How does the data below read from its first line through the line containing "Girls' Kitty Print"? Print those lines exactly.

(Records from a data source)
____________________

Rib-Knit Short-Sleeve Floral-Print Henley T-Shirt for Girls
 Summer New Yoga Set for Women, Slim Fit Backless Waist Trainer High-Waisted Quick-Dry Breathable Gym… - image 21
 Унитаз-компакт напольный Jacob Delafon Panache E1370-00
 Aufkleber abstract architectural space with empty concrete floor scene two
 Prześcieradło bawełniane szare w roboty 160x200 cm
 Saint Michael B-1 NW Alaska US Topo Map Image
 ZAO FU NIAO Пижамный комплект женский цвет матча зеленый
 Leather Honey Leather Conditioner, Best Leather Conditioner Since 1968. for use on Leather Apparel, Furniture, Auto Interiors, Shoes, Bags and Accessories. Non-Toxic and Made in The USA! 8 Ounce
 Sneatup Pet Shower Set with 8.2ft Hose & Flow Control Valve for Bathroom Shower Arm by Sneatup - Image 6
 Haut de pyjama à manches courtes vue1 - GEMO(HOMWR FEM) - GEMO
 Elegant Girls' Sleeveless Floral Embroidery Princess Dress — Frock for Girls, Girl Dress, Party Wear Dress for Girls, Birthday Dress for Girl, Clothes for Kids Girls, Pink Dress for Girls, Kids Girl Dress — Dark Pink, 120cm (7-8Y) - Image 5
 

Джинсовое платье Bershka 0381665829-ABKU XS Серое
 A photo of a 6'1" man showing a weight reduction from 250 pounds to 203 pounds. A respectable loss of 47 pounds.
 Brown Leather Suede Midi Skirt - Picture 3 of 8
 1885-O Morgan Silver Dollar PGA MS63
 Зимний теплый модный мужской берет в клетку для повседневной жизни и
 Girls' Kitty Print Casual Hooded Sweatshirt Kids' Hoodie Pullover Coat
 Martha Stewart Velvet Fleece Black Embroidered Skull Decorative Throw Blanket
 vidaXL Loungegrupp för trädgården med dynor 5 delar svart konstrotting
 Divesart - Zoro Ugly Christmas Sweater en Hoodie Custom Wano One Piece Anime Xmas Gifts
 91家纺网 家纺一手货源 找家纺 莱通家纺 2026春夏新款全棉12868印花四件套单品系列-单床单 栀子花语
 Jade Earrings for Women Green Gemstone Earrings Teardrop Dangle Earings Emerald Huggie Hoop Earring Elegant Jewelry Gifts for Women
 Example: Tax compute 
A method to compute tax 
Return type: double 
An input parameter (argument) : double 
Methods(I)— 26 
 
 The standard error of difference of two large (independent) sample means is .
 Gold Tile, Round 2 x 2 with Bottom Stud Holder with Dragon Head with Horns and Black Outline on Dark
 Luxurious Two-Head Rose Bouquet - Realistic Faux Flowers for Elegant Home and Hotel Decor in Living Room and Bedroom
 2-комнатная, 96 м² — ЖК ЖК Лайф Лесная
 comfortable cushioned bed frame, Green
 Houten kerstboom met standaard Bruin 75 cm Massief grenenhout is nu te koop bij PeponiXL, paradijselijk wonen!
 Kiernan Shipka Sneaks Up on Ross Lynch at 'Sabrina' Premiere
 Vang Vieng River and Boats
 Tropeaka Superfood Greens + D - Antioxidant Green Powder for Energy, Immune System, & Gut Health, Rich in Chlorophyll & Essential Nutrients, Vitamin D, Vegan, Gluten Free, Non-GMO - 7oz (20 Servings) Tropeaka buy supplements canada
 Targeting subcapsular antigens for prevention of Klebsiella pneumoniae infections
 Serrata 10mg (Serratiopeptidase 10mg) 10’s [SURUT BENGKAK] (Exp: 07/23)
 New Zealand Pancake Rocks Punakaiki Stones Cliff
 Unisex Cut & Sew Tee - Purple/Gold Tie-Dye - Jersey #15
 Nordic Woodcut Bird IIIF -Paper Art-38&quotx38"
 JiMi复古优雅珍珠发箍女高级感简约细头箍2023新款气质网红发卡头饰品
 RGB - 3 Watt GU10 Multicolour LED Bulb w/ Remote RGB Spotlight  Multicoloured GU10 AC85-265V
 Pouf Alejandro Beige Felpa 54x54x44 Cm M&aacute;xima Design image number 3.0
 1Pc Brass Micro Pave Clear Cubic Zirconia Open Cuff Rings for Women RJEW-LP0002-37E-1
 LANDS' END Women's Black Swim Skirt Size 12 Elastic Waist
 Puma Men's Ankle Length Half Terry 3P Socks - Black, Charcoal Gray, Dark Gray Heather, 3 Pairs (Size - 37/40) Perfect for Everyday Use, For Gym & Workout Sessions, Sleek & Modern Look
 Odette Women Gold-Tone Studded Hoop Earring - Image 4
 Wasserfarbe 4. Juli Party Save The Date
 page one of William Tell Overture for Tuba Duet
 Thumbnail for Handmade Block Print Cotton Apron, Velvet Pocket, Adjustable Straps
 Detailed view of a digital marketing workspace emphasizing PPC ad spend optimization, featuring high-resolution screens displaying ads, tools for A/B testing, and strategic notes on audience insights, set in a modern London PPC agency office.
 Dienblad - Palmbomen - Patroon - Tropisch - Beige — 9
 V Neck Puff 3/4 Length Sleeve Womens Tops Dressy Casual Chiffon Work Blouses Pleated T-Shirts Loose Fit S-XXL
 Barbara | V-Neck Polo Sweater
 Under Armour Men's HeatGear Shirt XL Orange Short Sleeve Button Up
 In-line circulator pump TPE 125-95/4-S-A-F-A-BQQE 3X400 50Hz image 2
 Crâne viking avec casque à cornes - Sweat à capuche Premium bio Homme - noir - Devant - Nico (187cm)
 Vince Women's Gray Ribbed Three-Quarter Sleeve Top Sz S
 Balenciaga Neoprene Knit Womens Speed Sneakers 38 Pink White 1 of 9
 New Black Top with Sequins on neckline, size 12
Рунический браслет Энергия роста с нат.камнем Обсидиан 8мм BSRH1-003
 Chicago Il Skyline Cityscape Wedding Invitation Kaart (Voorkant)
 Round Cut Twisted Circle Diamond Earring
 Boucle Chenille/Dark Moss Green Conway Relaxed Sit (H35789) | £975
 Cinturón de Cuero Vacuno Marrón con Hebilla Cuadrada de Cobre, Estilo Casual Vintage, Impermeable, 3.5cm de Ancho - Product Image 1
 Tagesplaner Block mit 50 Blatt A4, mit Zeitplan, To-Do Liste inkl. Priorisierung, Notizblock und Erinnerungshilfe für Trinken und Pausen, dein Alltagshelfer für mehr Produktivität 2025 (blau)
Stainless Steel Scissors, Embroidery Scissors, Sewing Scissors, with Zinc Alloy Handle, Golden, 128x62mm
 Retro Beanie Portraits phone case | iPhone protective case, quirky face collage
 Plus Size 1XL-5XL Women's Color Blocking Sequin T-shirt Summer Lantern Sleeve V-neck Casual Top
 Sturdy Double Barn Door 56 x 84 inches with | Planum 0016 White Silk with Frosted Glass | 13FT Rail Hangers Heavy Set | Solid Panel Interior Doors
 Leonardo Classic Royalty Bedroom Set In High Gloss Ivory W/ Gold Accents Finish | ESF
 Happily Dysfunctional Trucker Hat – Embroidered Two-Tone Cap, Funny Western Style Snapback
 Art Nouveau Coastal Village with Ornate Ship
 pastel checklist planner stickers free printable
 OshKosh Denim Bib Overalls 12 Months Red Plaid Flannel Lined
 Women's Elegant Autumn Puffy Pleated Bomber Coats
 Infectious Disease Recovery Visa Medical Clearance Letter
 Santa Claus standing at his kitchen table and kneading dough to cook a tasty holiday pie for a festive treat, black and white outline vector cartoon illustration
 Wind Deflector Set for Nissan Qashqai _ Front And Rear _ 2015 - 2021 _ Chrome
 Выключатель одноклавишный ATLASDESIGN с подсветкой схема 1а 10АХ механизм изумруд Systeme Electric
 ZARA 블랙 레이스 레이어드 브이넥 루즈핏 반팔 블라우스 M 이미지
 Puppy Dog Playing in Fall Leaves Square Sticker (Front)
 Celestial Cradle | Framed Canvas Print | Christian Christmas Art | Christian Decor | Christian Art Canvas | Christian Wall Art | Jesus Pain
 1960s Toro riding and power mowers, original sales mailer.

____________________

- [The completed task]:
Rib-Knit Short-Sleeve Floral-Print Henley T-Shirt for Girls
 Summer New Yoga Set for Women, Slim Fit Backless Waist Trainer High-Waisted Quick-Dry Breathable Gym… - image 21
 Унитаз-компакт напольный Jacob Delafon Panache E1370-00
 Aufkleber abstract architectural space with empty concrete floor scene two
 Prześcieradło bawełniane szare w roboty 160x200 cm
 Saint Michael B-1 NW Alaska US Topo Map Image
 ZAO FU NIAO Пижамный комплект женский цвет матча зеленый
 Leather Honey Leather Conditioner, Best Leather Conditioner Since 1968. for use on Leather Apparel, Furniture, Auto Interiors, Shoes, Bags and Accessories. Non-Toxic and Made in The USA! 8 Ounce
 Sneatup Pet Shower Set with 8.2ft Hose & Flow Control Valve for Bathroom Shower Arm by Sneatup - Image 6
 Haut de pyjama à manches courtes vue1 - GEMO(HOMWR FEM) - GEMO
 Elegant Girls' Sleeveless Floral Embroidery Princess Dress — Frock for Girls, Girl Dress, Party Wear Dress for Girls, Birthday Dress for Girl, Clothes for Kids Girls, Pink Dress for Girls, Kids Girl Dress — Dark Pink, 120cm (7-8Y) - Image 5
 

Джинсовое платье Bershka 0381665829-ABKU XS Серое
 A photo of a 6'1" man showing a weight reduction from 250 pounds to 203 pounds. A respectable loss of 47 pounds.
 Brown Leather Suede Midi Skirt - Picture 3 of 8
 1885-O Morgan Silver Dollar PGA MS63
 Зимний теплый модный мужской берет в клетку для повседневной жизни и
 Girls' Kitty Print Casual Hooded Sweatshirt Kids' Hoodie Pullover Coat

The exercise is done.